Daher war ich mehr als begeistert, endlich einen Laden gefunden zu haben, der nicht nur eine Riesenauswahl an Polohemden hat, nein, auch Sneaker und sonstige Accessoires (sehr selten auch in München zu bekommen!) sind hier erhältlich. Und dass alles zu einem absoluten Schnäppchenpreis. Ich brauche wohl nicht zu erwähnen, dass ich hier einer der ganz, ganz seltenen Momente hatte, bei denen mir das Einkaufen von Kleidung Spaß machte und mich vielleicht sogar zu einem leichten Kaufrausch hinreißen ließ. Der Konjunktur und dem Verkäufer bei Freddy wirds gefallen haben. Meiner Kreditkarte nicht. Egal, der Stapel Hemden wird ja wieder 10 Jahre halten und im Laufe der Zeit die ganz eigene Fred Perry Patina bekommen und so nur noch wertvoller für den Träger werden.

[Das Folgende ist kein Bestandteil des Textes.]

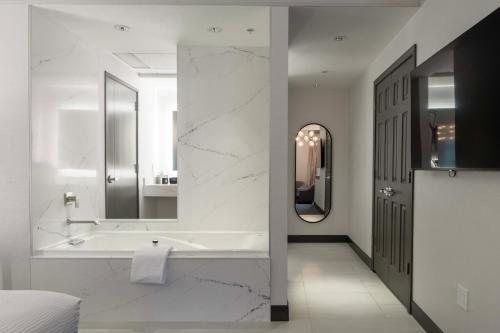 博伊西博伊西43号酒店的带浴缸、水槽和镜子的浴室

Der Laden wird mich nicht zum letzten Mal gesehen haben. Wir haben danach noch andere Läden wie Helly Hansen, Falke und ich weiß nicht mehr was angeschaut. Da ich aber wegen der Reizüberflutung, der ich mich im ersten Shop ausgesetzt hatte, für weitere Konusumansprache nicht mehr zugänglich und mein Taschengeld für den Tag schon mehr als überzogen war, gingen all die anderen Schnäppchen der weiteren Läden, die wir besuchten, im Tunnelblick unter. Für den nächsten Besuch im Ingolstadt Village (wird wohl dann sein, wenn Fred Perry die Winterkollektion auspackt), werde ich mir aber ganz fest vor nehmen, auch die anderen Läden gebührend zu würdigen. Aber mal ehrlich, wer braucht schon ein T-Shirt von Allerweltsmarken wie Helly Hansen, Strellson oder Hallhuber, wenn er THE Brand für nen symbolischen Apfel und Ei erwerben kann?